Increasing numbers of
researchers are seeing the
potential benefits of the
use of an electronic corpus
as a source of empirical
language data for their
research. Until now, where
did they find out about how
to build a corpus? There is
a great deal of useful
information available which
covers principles of corpus
design and development, but
it is dispersed in
handbooks, reports,
monographs, journal articles
and sometimes only in the
heads of experienced
practitioners. This Guide is
an attempt to draw together
the experience of corpus
builders into a single
source, as a starting point
for obtaining advice and
guidance on good practice in
this field.
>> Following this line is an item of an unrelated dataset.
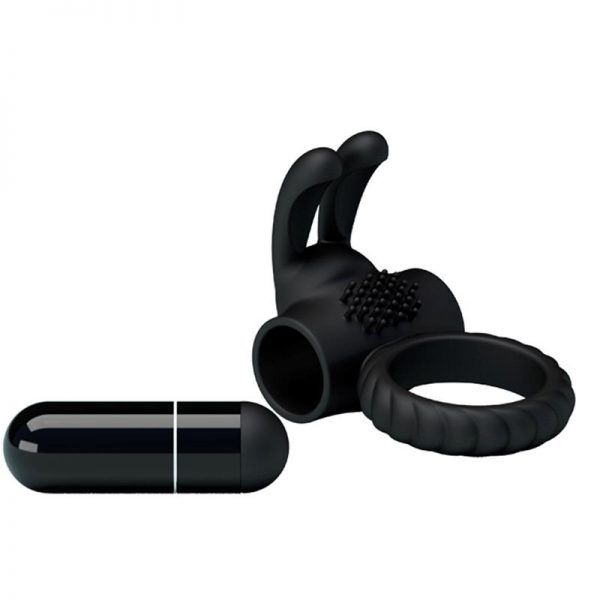 Rowan Anillo Vibrador Impermeable Silicona diseñado por la marca LATETOBED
It aims to bring
together some key elements
of the experience learned,
over many decades, by
leading practitioners in the
field and to make it
available to those
developing corpora today.
The modest aim of this Guide
is to take readers through
the basic first steps
involved in creating a
corpus of language data in
electronic form for the
purpose of linguistic
research. While some
technical issues are
covered, this Guide does not
aim to offer the latest
information on digitisation
techniques. Rather, the
emphasis is on the
principles, and readers are
invited to refer to other
sources, such as the latest
AHDS information papers, for
the latest advice on
technologies. In addition to
the first chapter on the
principles of corpus design,
Professor Sinclair has also
provided a more practical
guide to building a corpus,
which is added as an
appendix to the Guide. This
should help guide the user
through some of the more
specific decisions that are
likely to be involved in
building a corpus.
Alert readers will see that
there are areas where the
authors are not in accord
with each other. It is for
the reader to weigh up the
advantages of each approach
for his own particular
project, and to decide which
course to follow. This Guide
does not aim to synthesize the
advice offered by the
various practitioners into a
single approach to creating
corpora. The information on
good practice which is
sampled here comes from a
variety of sources,
reflecting different
research goals, intellectual
traditions and theoretical
orientations. The individual
authors were asked to state
their opinion on what they
think is the best way to
deal with the relevant
aspects of developing a
corpus, and neither the
authors nor the editor have
tried to hide the
differences in approaches
which inevitably exist. It
is anticipated that readers
of this document will have
differing backgrounds, will
have very diverse aims and
objectives, will be dealing
with a variety of different
languages and varieties, and
that one single approach
would not fit them all.
I would like to thank the
authors of this volume for
their goodwill and support
to this venture, and for
their patience through the
long period it has taken to
bring the Guide to
publication. I would like to
acknowledge the extremely
helpful advice and editorial
work from my colleague Ylva
Berglund, which has improved
many aspects of this
guide.